__What you are asked to do__.
All lines below between the line with "Set de geantă" and the line with "Chaturbate Live Sex of orionblaze69_", including both, must be copied exactly, and the pictures must be omitted.

__Data to use__.
========

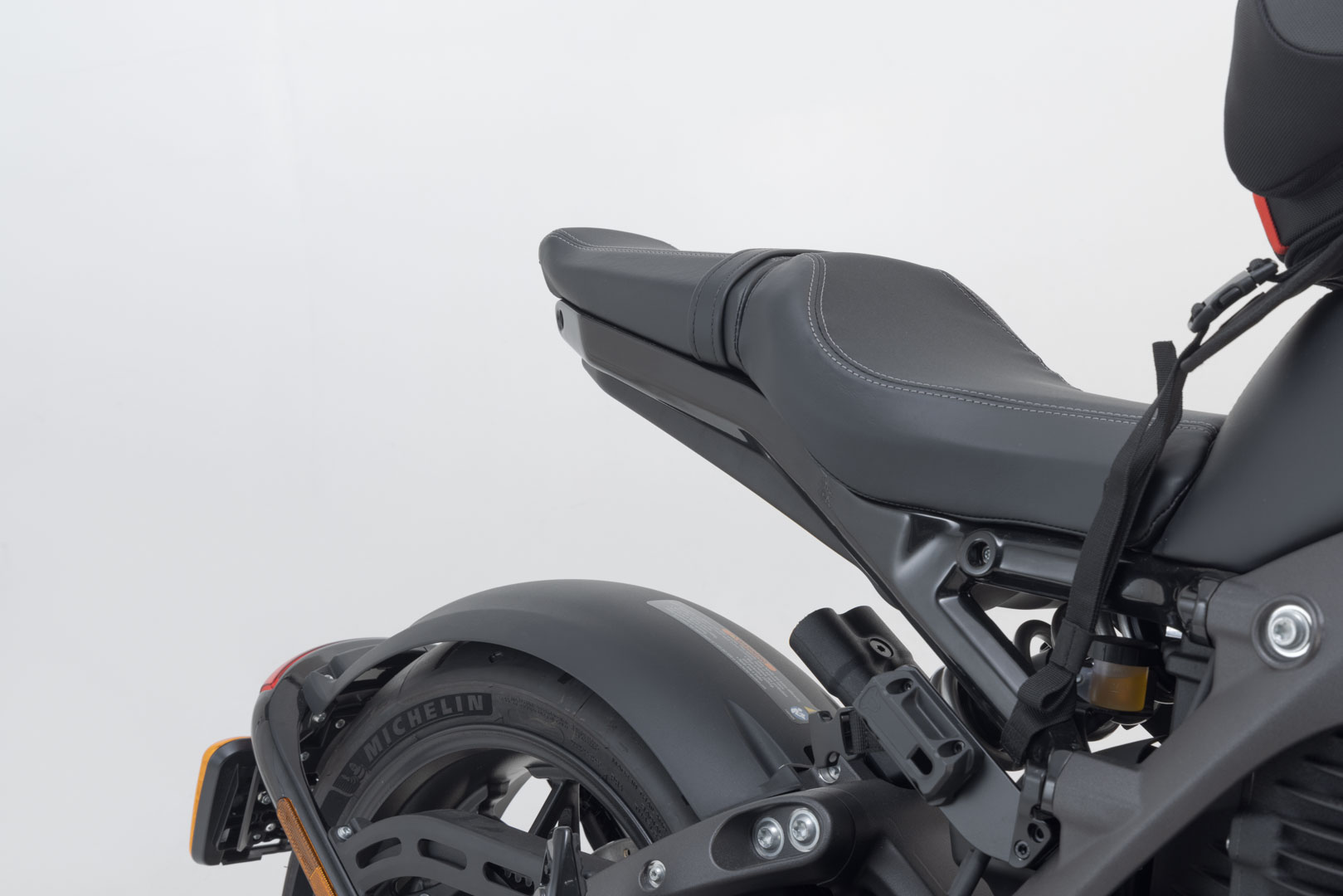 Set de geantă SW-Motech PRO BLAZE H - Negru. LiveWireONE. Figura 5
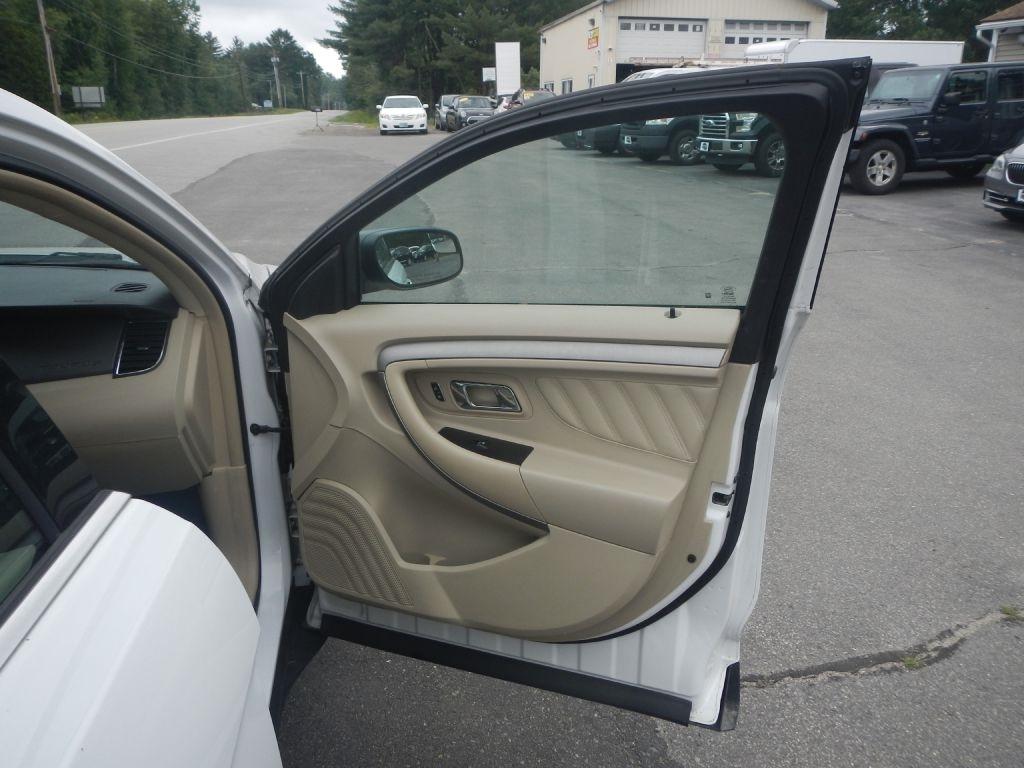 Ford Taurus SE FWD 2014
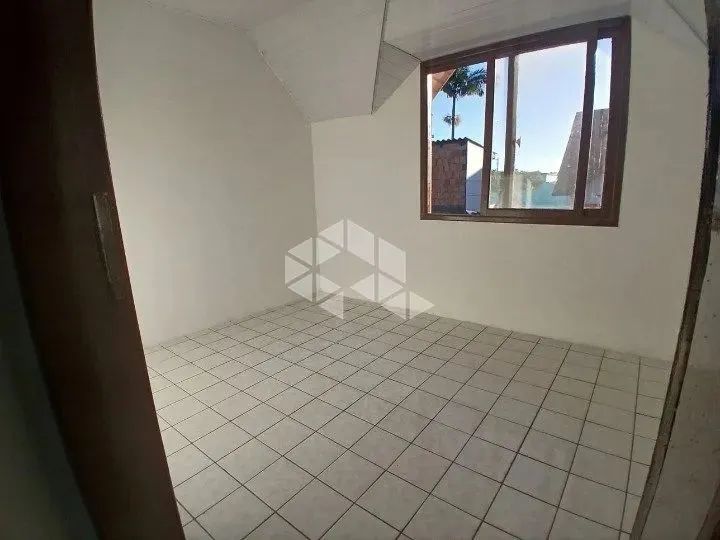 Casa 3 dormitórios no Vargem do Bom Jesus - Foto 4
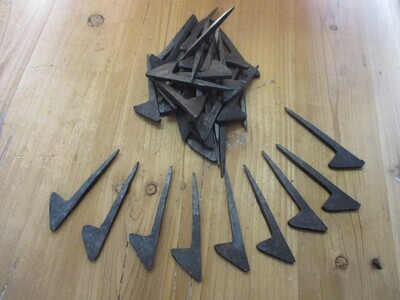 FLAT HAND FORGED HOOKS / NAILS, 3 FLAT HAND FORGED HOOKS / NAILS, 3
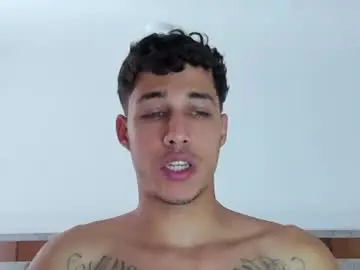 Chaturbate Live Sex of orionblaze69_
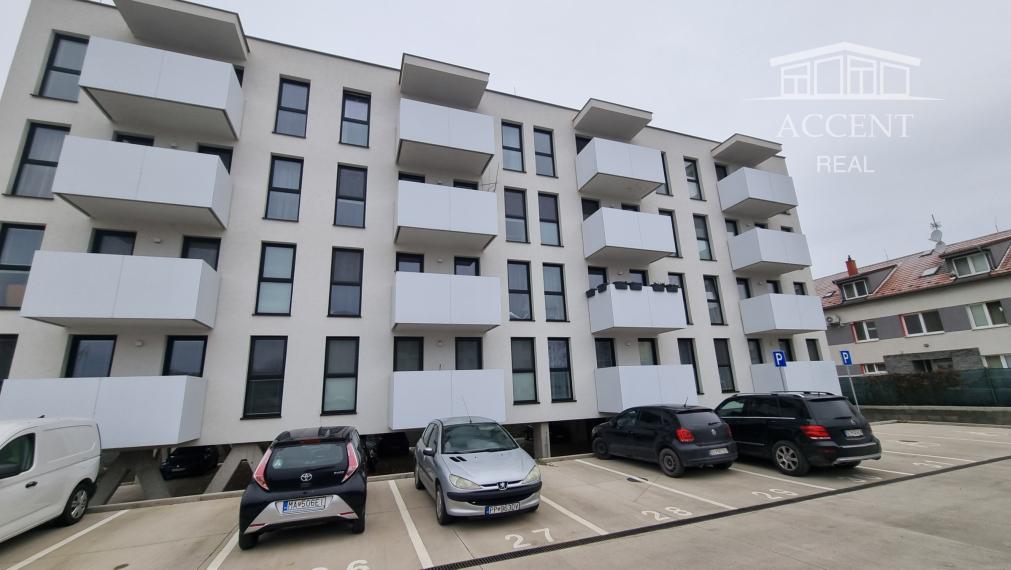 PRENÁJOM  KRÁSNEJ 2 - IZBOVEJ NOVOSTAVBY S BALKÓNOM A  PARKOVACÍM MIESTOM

========

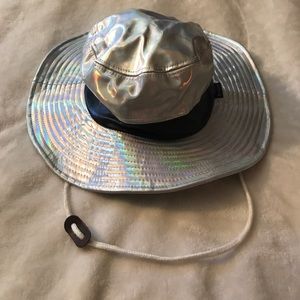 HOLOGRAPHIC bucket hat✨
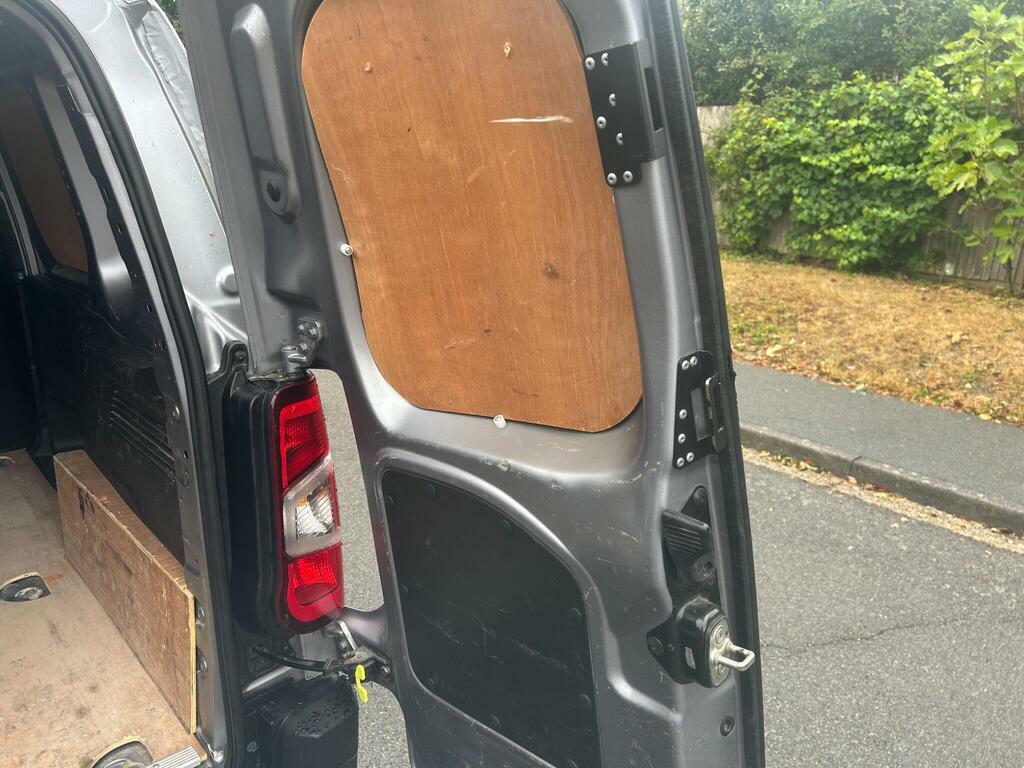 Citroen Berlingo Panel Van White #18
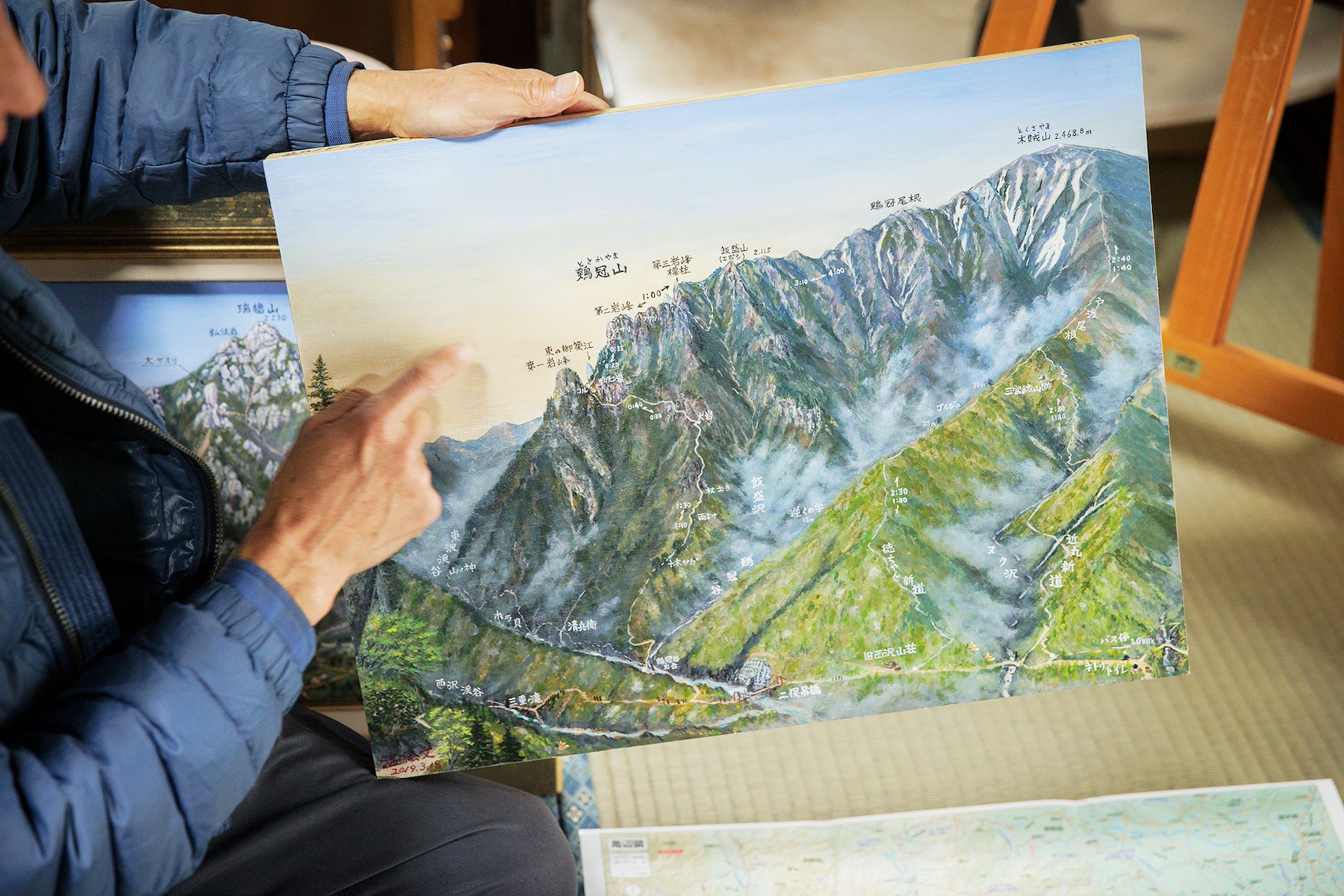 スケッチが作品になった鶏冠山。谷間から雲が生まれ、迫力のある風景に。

========

__Task result__.
 Set de geantă SW-Motech PRO BLAZE H - Negru. LiveWireONE. Figura 5
 Ford Taurus SE FWD 2014
 Casa 3 dormitórios no Vargem do Bom Jesus - Foto 4
 FLAT HAND FORGED HOOKS / NAILS, 3 FLAT HAND FORGED HOOKS / NAILS, 3
 Chaturbate Live Sex of orionblaze69_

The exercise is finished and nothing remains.